LONDON—Oil prices dipped on Tuesday after the U.S. government said it would release more crude from its Strategic Petroleum Reserve, while traders look out for U.S. inflation data for further queues.
Brent crude futures fell 80 cents, or 0.9 percent, to $85.81 per barrel by 1003 GMT, while U.S. crude futures fell $1.05, or 1.3 percent, to $79.09 per barrel. Both benchmarks are on track for their biggest daily percentage drop since Feb. 3.
The U.S. Department of Energy (DOE) said it would sell 26 million barrels of oil from the SPR, which is already at its lowest level since 1983.
The DOE had considered canceling the fiscal year 2023 sale after U.S. President Joe Biden’s administration last year sold a record 180 million barrels from the reserve. But that would have required Congress to act to change the mandate.
Supply concerns also eased after the Energy Information Administration said it expected record March production from the seven biggest U.S. shale basins.
Elsewhere, crude exports resumed at a key Turkish port after a devastating earthquake rocked the region.
Monthly reports from the Organization of the Petroleum Exporting Countries (OPEC) are expected later on Tuesday and from the International Energy Agency (IEA) on Wednesday.

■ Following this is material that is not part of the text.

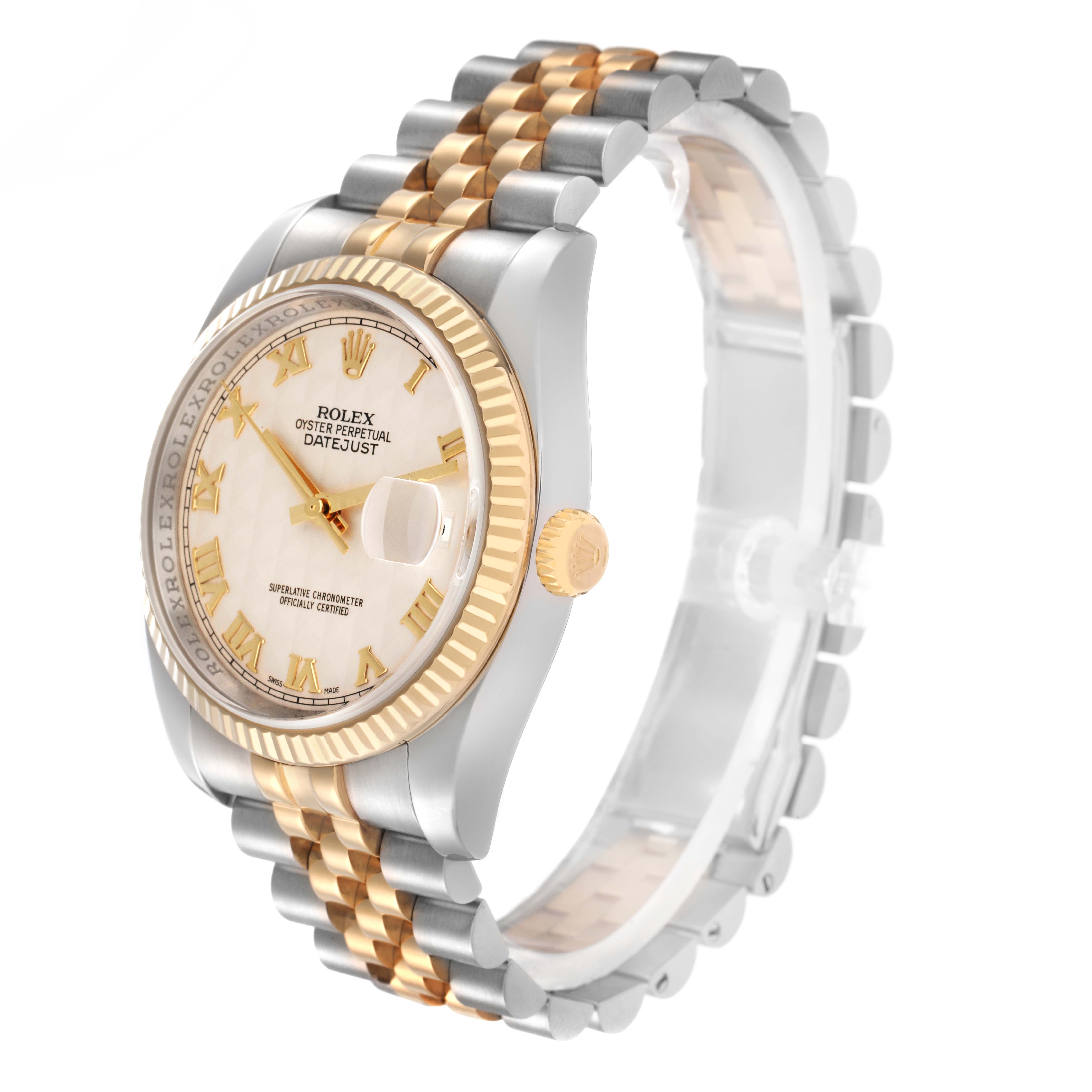 The image shows a Rolex Datejust model 116233 men
s watch at a three-quarter angle, highlighting the dial, bezel, crown, and Jubilee bracelet.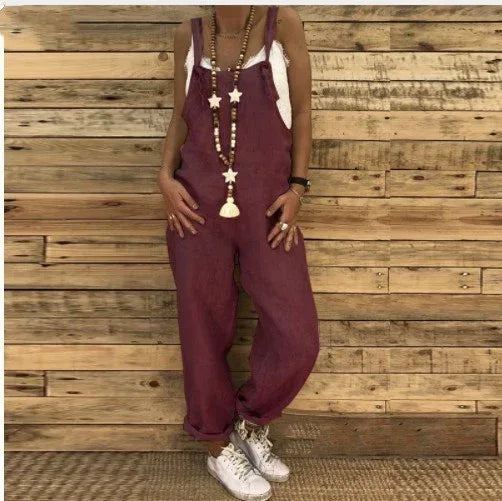 Plus Size Suspender Jumpsuit 2026 - Loose Overalls for Women - DanaFashionstore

Traders will also be looking for clues from Tuesday’s crucial U.S. consumer price index (CPI) data for January. U.S. monthly consumer prices rose in the previous two months.
A Reuters poll showed a majority of economists expect the U.S. Federal Reserve to raise interest rates at least twice more in coming months. Higher inflation and ensuing rate hikes may weigh on risk assets such as oil.
“The upcoming data tsunami will greatly influence the immediate risk appetite, but the broader view has not changed: inflation will ultimately be defeated,” said PVM analyst Tamas Varga.
“The second half of the year should bring with it tight oil balance greatly aided by reviving Chinese growth.”